Non-Employee Director ” shall mean any duly elected or appointed member of the Board of Directors of the Corporation who is not an employee of the Corporation or of any subsidiary of the Corporation.

 

 

k.

Participant ” shall mean any Non-Employee Director who elects to defer any amount of Compensation under the Plan.

 

 

l.

Plan ” shall mean this Briggs & Stratton Corporation Deferred Compensation Plan for Directors, as amended and restated.

 

 

m.

Secretary ” shall mean the duly elected Secretary of the Corporation.

 

SECTION III

ELECTION, MODIFICATION AND TERMINATION PROCEDURES

 

Any Non-Employee Director wishing to participate in the Plan must file with the Secretary of the Corporation at P. 0. Box 702, Milwaukee, Wisconsin 53201, a written Notice of Election on the form attached as Exhibit “A” to defer payment of all or a portion of the Non-Employee Director’s Compensation payable in the future.

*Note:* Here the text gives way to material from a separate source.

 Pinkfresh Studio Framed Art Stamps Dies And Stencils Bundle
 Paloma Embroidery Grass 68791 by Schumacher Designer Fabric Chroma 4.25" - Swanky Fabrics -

An effective election with respect to Compensation, payment of which has been deferred under the terms of this Plan, may not be modified or revoked except to the extent provided in the third sentence of Section VI. An effective election with regard to future Compensation, payment of which has not yet been deferred, may be modified by filing a new Notice of Election or may be terminated by filing a Notice of Termination on the form attached as Exhibit “B”.

 

SECTION IV

ESTABLISHMENT AND ADMINISTRATION OF

DEFERRED DIRECTORS’ COMPENSATION ACCOUNTS

 

The amount of any Participant’s Compensation deferred in accordance with an election shall be credited to an Account maintained by the Corporation. Such Account shall remain a part of the general funds of the Corporation, and nothing contained in this Plan shall be deemed to create a trust or fund of any kind or create any fiduciary relationship. A separate record of each deferred Participant’s Account shall be maintained by the Corporation for each Participant in the Plan. The Participant’s Account shall segregate the reporting of Common Stock deferrals and cash deferrals.

 

The Director shall elect to have any cash deferrals hereunder credited with earnings in accordance with (a) or (b) below:

 

 

(a)

Fixed Rate Account

 

As of the last day of each calendar quarter, the portion of the Participant’s Deferred Amount for which the Participant has selected earnings to be credited pursuant to this subsection (a) shall be adjusted as follows:

 

 

(1)

The Participant’s Account shall first be charged with any distributions made during the quarter.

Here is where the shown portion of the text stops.